Think of it like this – Lets assume that for every process to run it takes .1% of the cpu to “schedule” a process to run, and then it takes X % of cpu to run the program. But what if you have 900 processes running and each one takes .1% of the cpu for scheduling. Now you only have 10% of the cpu remaining in which to run your software. In reality I think its much worse than this example. After about 1500 concurrent processes CFS completely starts to fall apart on our servers.

The worst part about this is that the only way you can really tell this is happening is to measure the process quantum (The time slice that userspace programs get of a cpu/core). How many of you know how to measure the average process quantum of the scheduler – That’s what I thought :) If you add up all the “quantum times” during a 1 second period and look at the difference you will see how much CPU the kernel is taking to service those requests. On a desktop system I get about 95% of a CPU for running my software. On our busiest servers I get about 70% of our available CPU time for actually running our software. The rest is eaten up by the inefficient scheduler. If you feel compelled to evaluate the process quantum time you can enable sched_debug in the kernel and check out its output. It’s actually pretty good data for those nerdy enough to read it.
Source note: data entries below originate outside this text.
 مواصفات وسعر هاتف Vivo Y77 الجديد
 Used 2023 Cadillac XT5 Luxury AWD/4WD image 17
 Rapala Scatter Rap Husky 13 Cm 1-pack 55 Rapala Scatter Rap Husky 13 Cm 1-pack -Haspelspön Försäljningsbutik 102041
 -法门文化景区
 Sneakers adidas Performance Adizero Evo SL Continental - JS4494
Its been near impossible to prove my calculations over the last several months, but after many long nights I now feel very comfortable in saying that CFS truly is a broken design. It may be a good design for a desktop, and admittedly the kernel guys have made low latency desktops a priority but still… You do have to have some upper bound limit on how many processes can be running and how many new processes can be started over a given period of time, but this limit should be MUCH higher than 1500-2000. I would say it needs to be somewhere in the 10,000 range to really be effective with hardware that will be coming out in the next 6-18 months. If linux wants to scale efficiently to 16,32,64 cores then the scheduler needs some serious work.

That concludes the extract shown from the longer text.